Writing Elements with XML.h

Similar to Cobweb.jl, XML.h enables you to write elements with a simpler syntax:

using XML: h

node = h.parent(
    h.child("first child content", id="id1"),
    h.child("second child content", id="id2")
)
# Node Element <parent> (2 children)

print(XML.write(node))
# <parent>
#   <child id="id1">first child content</child>
#   <child id="id2">second child content</child>
# </parent>

Reading

# From a file:
read(filename, Node)

# From a string:
parse(str, Node)

Writing

XML.write(filename::String, node)  # write to file
XML.write(io::IO, node)            # write to stream
XML.write(node)                    # return String

XML.write respects xml:space="preserve" on elements, suppressing automatic indentation.


XPath

Query nodes using a subset of XPath 1.0 via xpath(node, path):

doc = parse("""
<root>
  <a id="1"><b>hello</b></a>
  <a id="2"><b>world</b></a>
</root>
""", Node)

root = doc[end]

xpath(root, "//b")           # All <b> descendants
xpath(root, "a[@id='2']/b")  # <b> inside <a id="2">
xpath(root, "a[1]")          # First <a> child
xpath(root, "//b/text()")    # Text nodes inside all <b>s

Supported syntax

Expression Description
/ Root / path separator
tag Child element by name
* Any child element
// Descendant-or-self (recursive)
. Current node
.. Parent node
[n] Positional predicate (1-based)
[@attr] Has-attribute predicate
[@attr='v'] Attribute-value predicate
text() Text node children
node() All node children
@attr Attribute value (returns strings)

Streaming Tokenizer

For large files or when you need fine-grained control, XML.XMLTokenizer provides a streaming tokenizer that yields tokens without building a DOM. Token kinds live in the XML.XMLTokenizer.TokenKinds baremodule (e.g. TokenKinds.OPEN_TAG, TokenKinds.TEXT).

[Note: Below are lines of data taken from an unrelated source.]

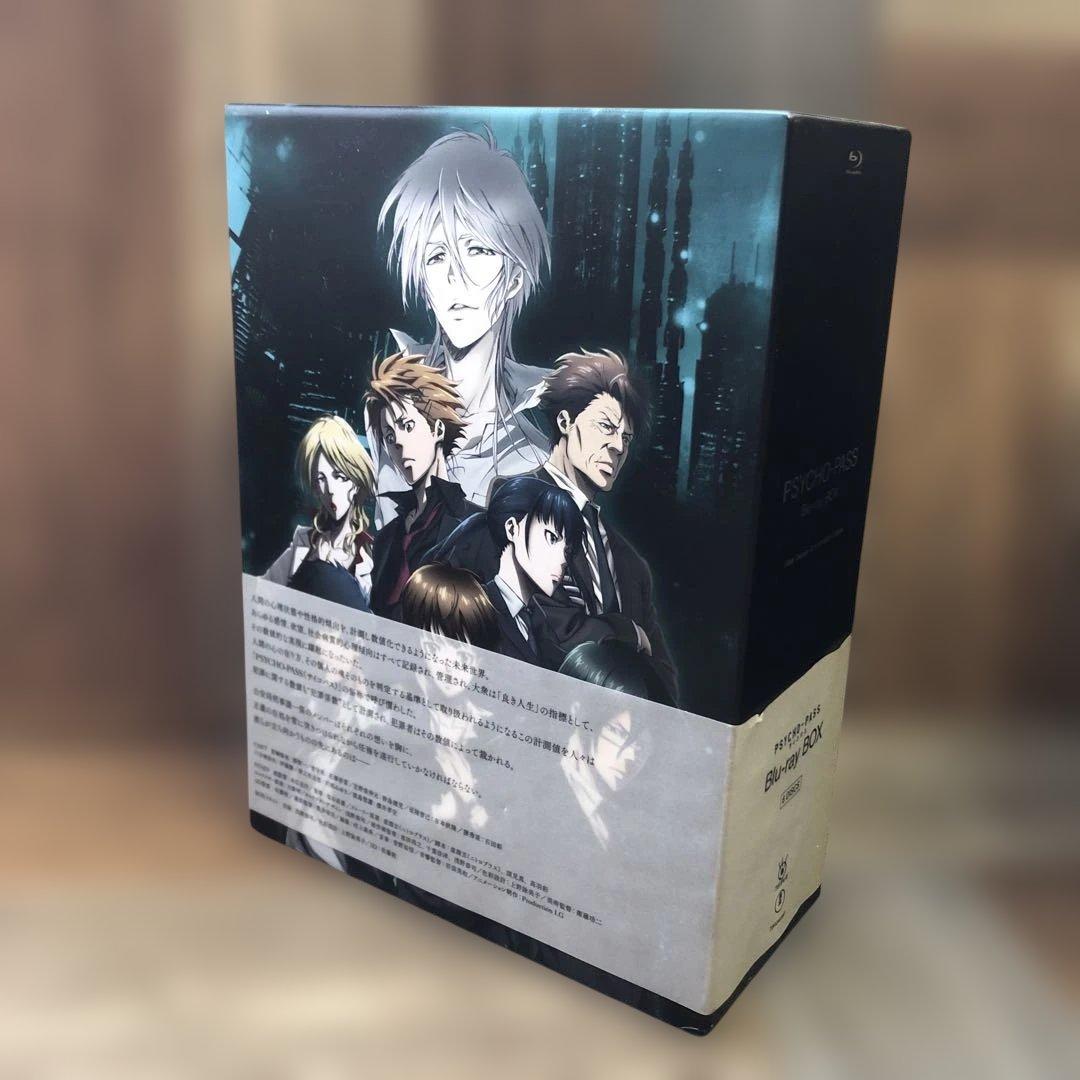 PSYCHO-PASSサイコパスBlu-rayBOXオリジナルサウンドトラック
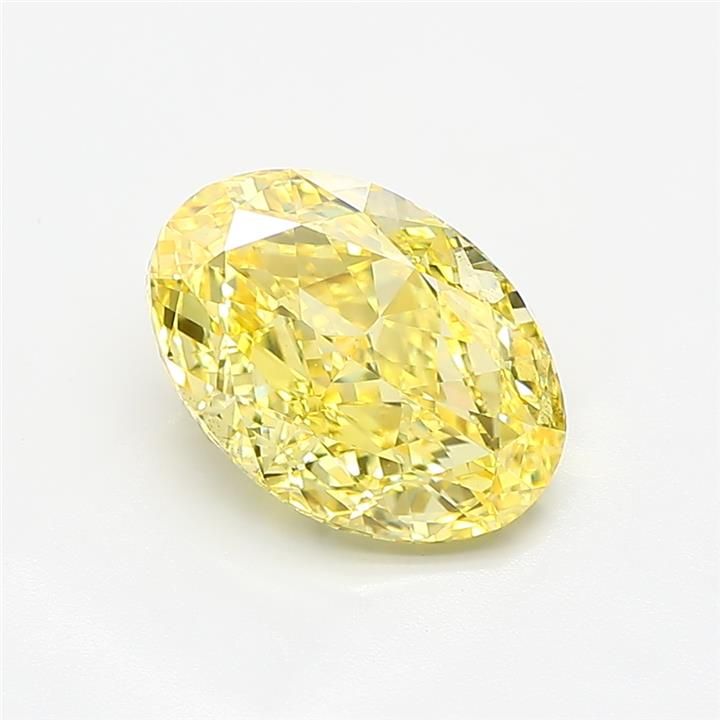 2.52 ct. oval Lab Grown Diamond front image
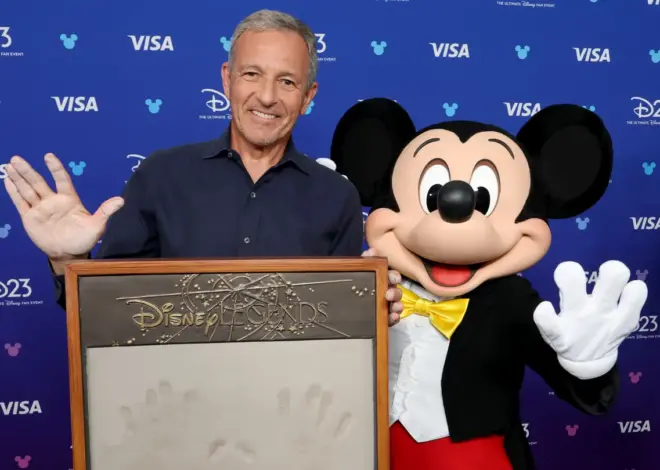 Bob Iger Takes Victory Lap As He’s Named a Disney Legend, Applauds New CEO Josh D’Amaro: “You’re Wearing That Title Really Well”
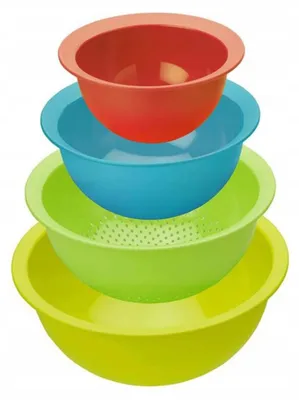 Obrázok produktu pre Dóza Na Potraviny Rotho Plast Wielokolorowy 4 Ks Pre Kuchyňu Pre Skladovanie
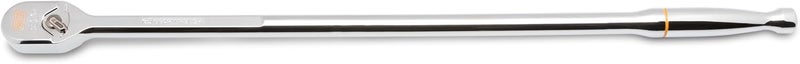 GEARWRENCH 12 Drive 120XP Full Polish Chrome Extra Long Handle Teardrop Ratchet  81364XP - Image 1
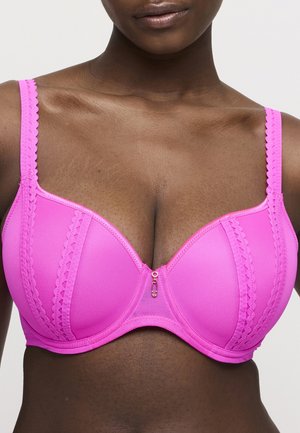 TWIST  PADDED HEARTSHAPE - Underwired bra - cactus flower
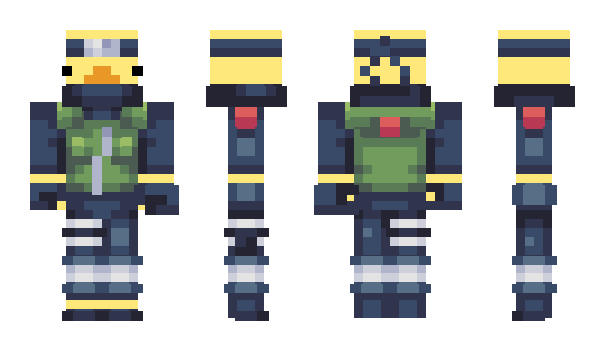 Minecraft скин по нику lBloo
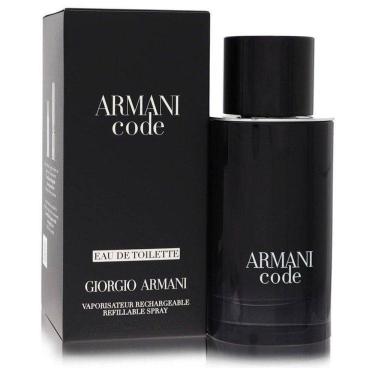 Imagem de Perfume Masculino Armani Code Giorgio Eau De Toilette Refillable 75 Ml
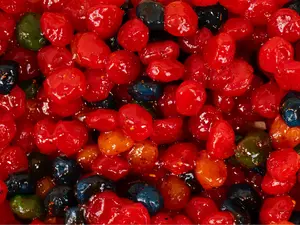 Candy Coated in Chamoy Sauce - Handmade Sweet and Tangy Chamoy Sauce By Yaboychamoy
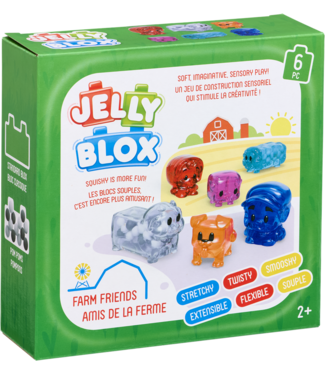 Goliath Goliath Jelly blox character pack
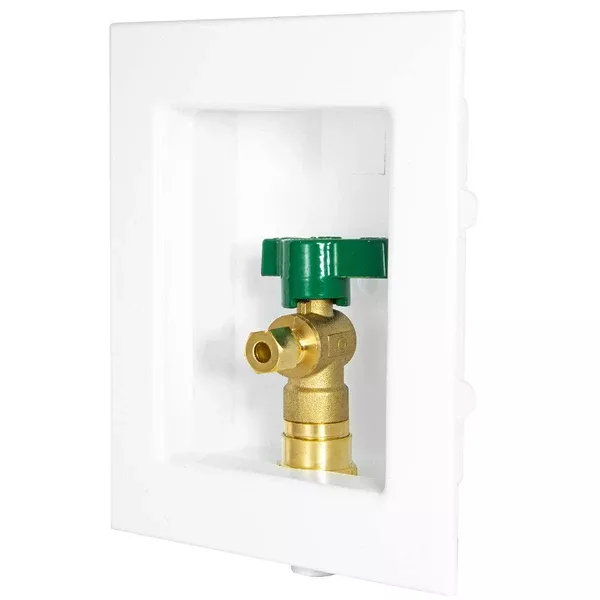 1/2" CPVC PPE Intet, Ice Maker Outlet Box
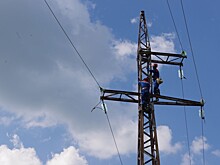 Энергетики предупреждают водителей  большегрузного транспорта и спецтехники о недопустимости ведения работ под линиями электропередачи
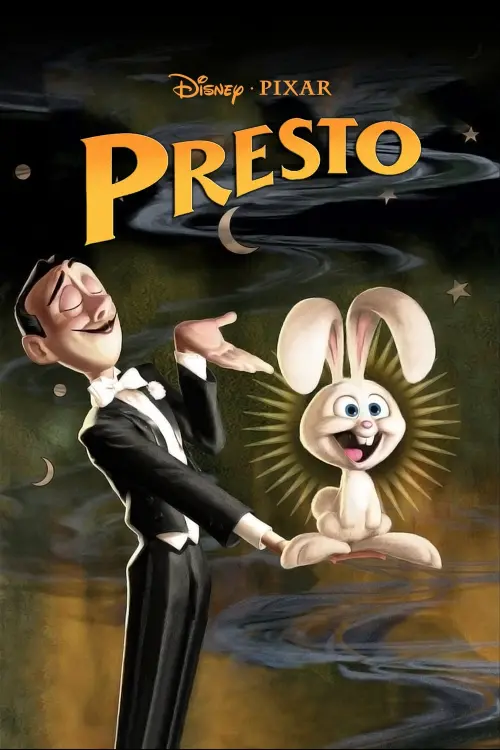 Movie poster "Presto"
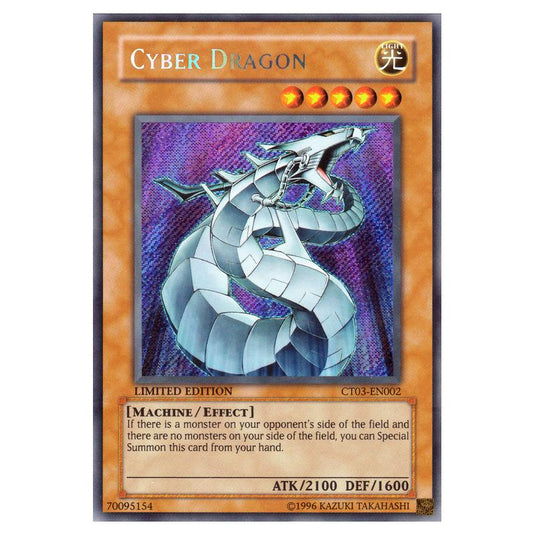Yu-Gi-Oh! - Collectible Tins 2006 Wave 1 - Cyber Dragon (Secret Rare) CT03-EN002
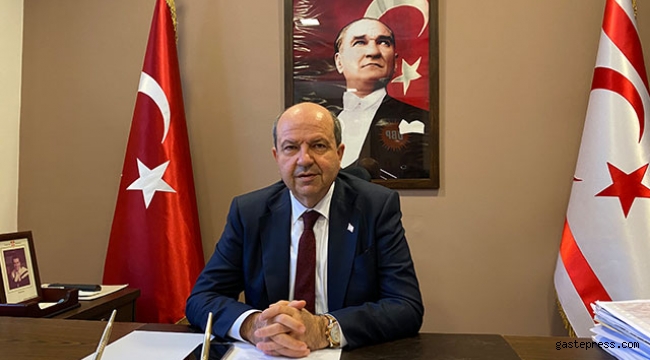 KKTC Başbakanı Tatar: Erdoğan, Kıbrıs Türk halkının yanında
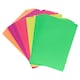 image 3 of Pack of 40 Sheets A4 160gsm Activity Fluorescent Card by Premier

using XML.XMLTokenizer: tokenize

for token in tokenize("<root><child attr=\"val\">text</child></root>")
    println(token.kind, " => ", repr(String(token.raw)))
end
# OPEN_TAG => "<root"
# TAG_CLOSE => ">"
# OPEN_TAG => "<child"
# ATTR_NAME => "attr"
# ATTR_VALUE => "\"val\""
# TAG_CLOSE => ">"
# TEXT => "text"
# CLOSE_TAG => "</child"
# TAG_CLOSE => ">"
# CLOSE_TAG => "</root"
# TAG_CLOSE => ">"

LazyNode

For read-only access without building a full DOM tree, use LazyNode. It stores only a reference to the source string and re-tokenizes on demand, using significantly less memory:

doc = parse(xml_string, LazyNode)
doc = read("file.xml", LazyNode)

LazyNode supports the same read-only interface as Node: nodetype, tag, attributes, value, children, is_simple, simple_value, plus integer and string indexing.

For streaming and high-throughput workloads, several extra accessors avoid materializing intermediate collections:

sourcetext(n)               # zero-copy SubString view of the node's raw source bytes
eachchildnode(n)            # lazy iterator over children — no Vector allocation
children!(buf, n)           # collect children into a reusable buffer
eachattribute(n)            # lazy iterator over attribute name=>value pairs
is_simple_value(n)          # combined is_simple + simple_value (one tokenizer pass)
get(n, key, default)        # single-attribute read without building Attributes
XML.write(n)                # zero-copy: returns node's original source text
XML.write(n; normalize=true) # re-parse + pretty-print, collapses source whitespace

Memory-mapped files

For very large files, combine LazyNode with memory mapping to avoid reading the entire file into heap memory:

using XML, Mmap, StringViews

doc = open("very_large.xml") do io
    sv = StringView(Mmap.mmap(io))
    parse(sv, LazyNode)
end

AbstractTrees Integration

Loading AbstractTrees alongside XML enables tree-walking utilities (print_tree, PreOrderDFS, Leaves, etc.) on both Node and LazyNode:

using XML, AbstractTrees

doc = parse("<a><b/><c><d/></c></a>", Node)
print_tree(doc)
# Document
# └─ <a>
#    ├─ <b>
#    └─ <c>
#       └─ <d>

for n in PreOrderDFS(doc)
    nodetype(n) == Element && println(tag(n))
end

Benchmarks

Benchmark source: benchmarks.jl. Test data: books.xml (small, ~4 KB) and a generated XMark auction XML (medium, ~14 MB).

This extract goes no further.